Sicuramente una grande adrenalina appena atterrati, ma questa come si propaga nelle settimane e nei mesi successivi? Come si metabolizza un viaggio del genere tornando alla quotidianità?

  • MARCO

    Ammetto che non è stato immediato tornare alla nostra ‘vita normale’. Tante situazioni, come i locali pieni di gente e la confusione, ora li sopporto molto di meno. Mi è capitato di parlare poco tempo fa con un’amica che, ascoltando i racconti del viaggio e prendendomi in giro, mi ha paragonato a quelle persone che dopo una settimana a Londra fanno quasi fatica (o fanno apposta) a ricordare l’italiano. La verità è che siamo stati in un posto che è totalmente diverso dal mondo che conosciamo, sopratutto nella regione del Terai. Abbiamo vissuto delle esperienze molto forti e molto profonde, esperienze che ci hanno segnato e incontri che non dimenticheremo mai. Non perchè dobbiamo ‘vantarci’ in qualche modo di essere stati lì, ma perchè vi assicuro che quando una famiglia che non ha nemmeno i letti per dormire (per loro) vi ospita a casa sua come foste il più antico amico, quando nella casa manca anche la porta di ingresso e qualsiasi tipo di comodità, vi assicuro essere un incontro profondo, un pò destabilizzante, ma che ti rimarrà dentro per sempre.

  • DAVIDE

    Ogni pedalata inizia con un punto di partenza e si trasforma in una straordinaria avventura. Ma alla fine, cosa rimane di un viaggio in bicicletta? 
    Rimangono il legame unico tra le persone e i paesaggi, l'essenza di un'esperienza che va oltre il semplice spostamento da un luogo all'altro. 

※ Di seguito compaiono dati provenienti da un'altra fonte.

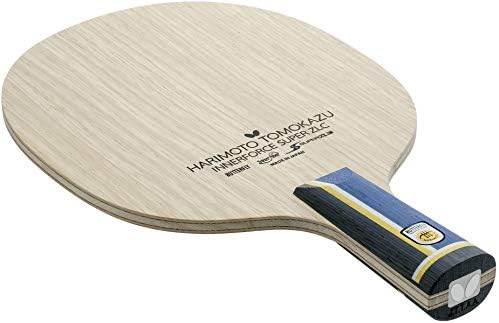 Butterfly Harimoto Innerforce Super ZLC CS Table Tennis Blade | Super ZLC Carbon Fiber Blade | Professional Table Tennis Blade | Chinese Penhold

    Rimangono le profonde esperienze genuine e profonde, lo stupore di aver visto per la prima volta la catena dell’Himalaya, di essere andato nella terra delle alte vette oltre i Courtenay, dove si respira un’aria sottile, come se il tempo non esistesse: è tutto così concreto e reale che il ritorno a questa realtà italiana fa nascere tanto senso di gratitudine.
    La gratitudine è la sensazione più grande che mi porto dentro, perché qui non ci insegnano come esserlo, e lì ho avuto modo di vedere persone felici con le cose più semplici, grate per la vita che ci viene data ogni giorno.

    Tutto ciò è stato alimentato ancor di più dal senso di infelicità che leggo negli occhi delle persone, così maledettamente incastrate in un sistema nocivo e alienante.
    È anche a loro che Esplora parla, ed è anche per questo che continueremo a esplorare, e da qui che continua ad alimentarsi la voglia di partire, con immensa gratitudine per la possibilità di farlo.

    Abbiamo già programmato un viaggio verso una terra ancor più selvaggio: la Mongolia.

  • GIUSEPPE

    Cosa resta del viaggio? Tornare da un viaggio del genere è sempre abbastanza difficile, in poche ore ti ritrovi nella solita realtà e può capitare che tu ti possa sentire quasi infastidito da alcuni meccanismi comuni. Penso che il viaggio apra le menti e lo spirito. Il viaggio in bici é una filosofia, una meditazione, uno stato di esaltazione e di fatica: sudare per arrivare in quel punto non obbligatoriamente stabilito e preventivato. Metabolizzare un viaggio del genere come si fa? Non si metabolizza si riparte per un altro viaggio!